++++ Input data
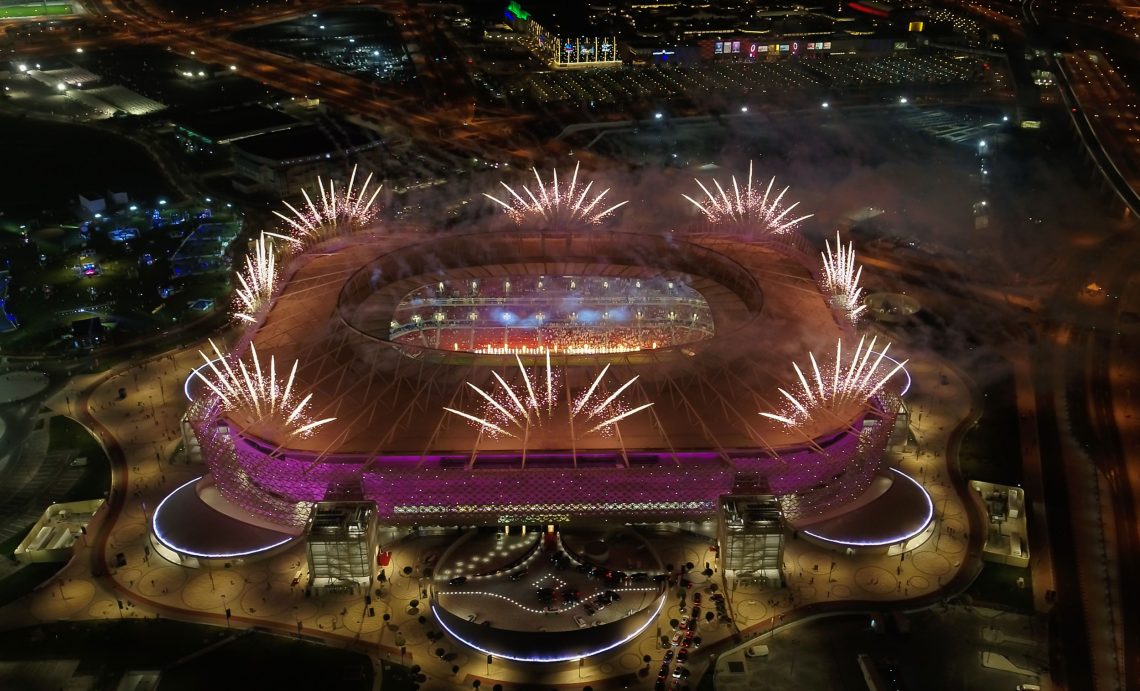 Foto aus der Vogelperspektive, das ein Feuerwerk bei einem Stadion bei Nacht zeigt. Das Foto soll einen Beitrag über Großveranstaltungen im Sport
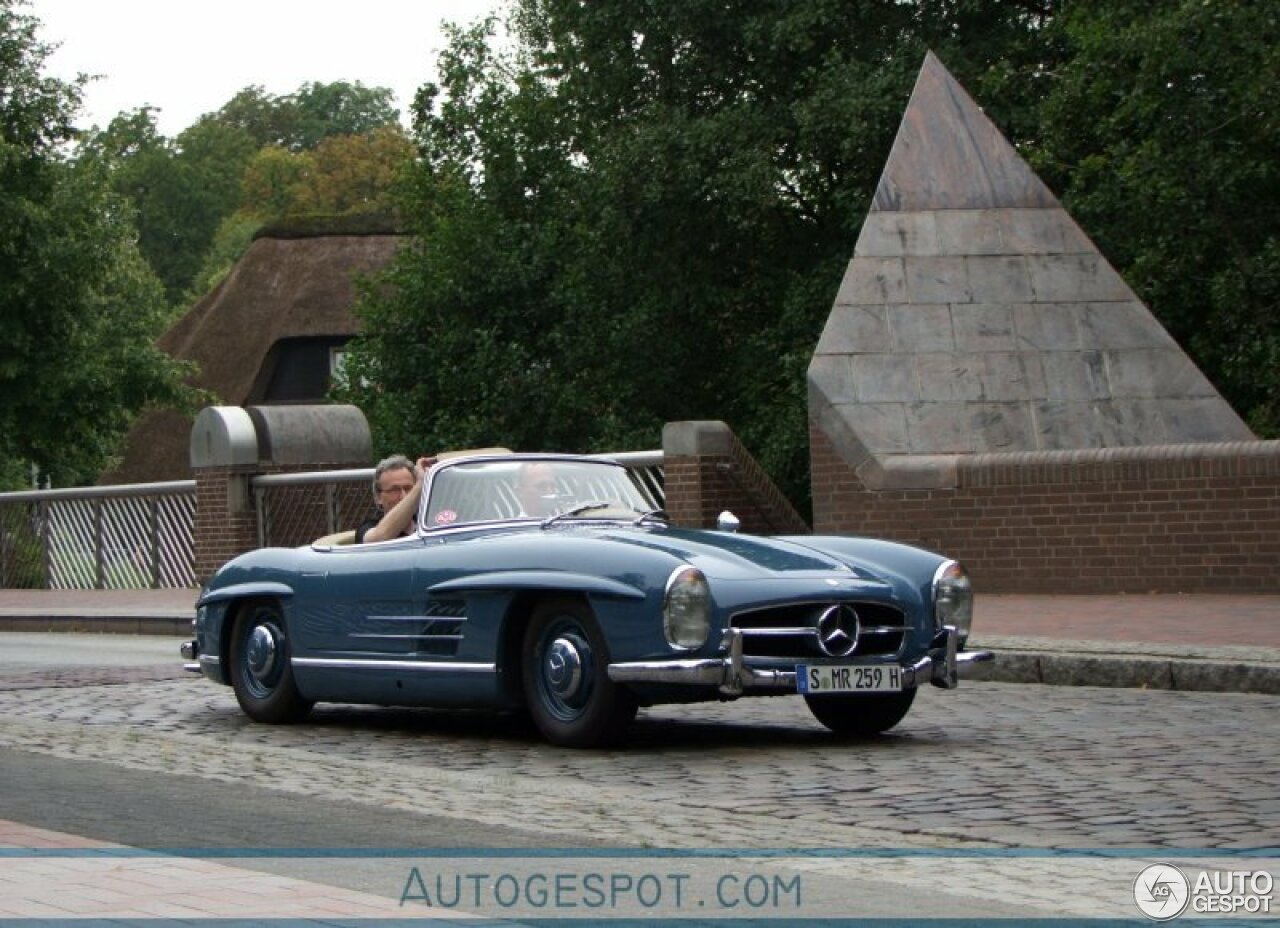 Mercedes-Benz 300SL Roadster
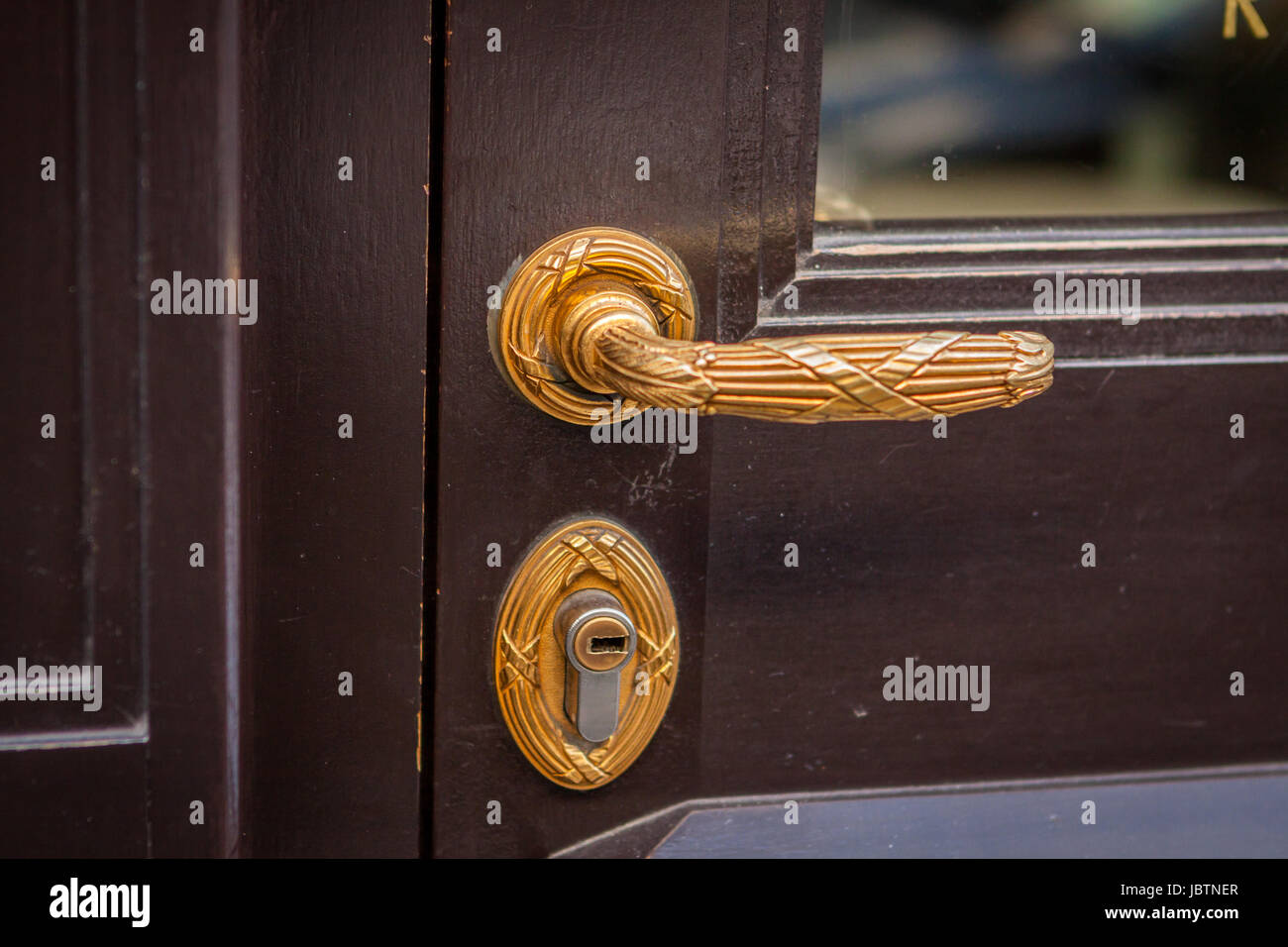 Türklinke Türknauf an einer holztüre Eingang an einem Haus als Nahaufnahme Stock Photo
++++++++
What the task requires: Without any of its pictures, the listing is to be repeated exactly as it stands.

Result of the exercise:
 Foto aus der Vogelperspektive, das ein Feuerwerk bei einem Stadion bei Nacht zeigt. Das Foto soll einen Beitrag über Großveranstaltungen im Sport
 Mercedes-Benz 300SL Roadster
 Türklinke Türknauf an einer holztüre Eingang an einem Haus als Nahaufnahme Stock Photo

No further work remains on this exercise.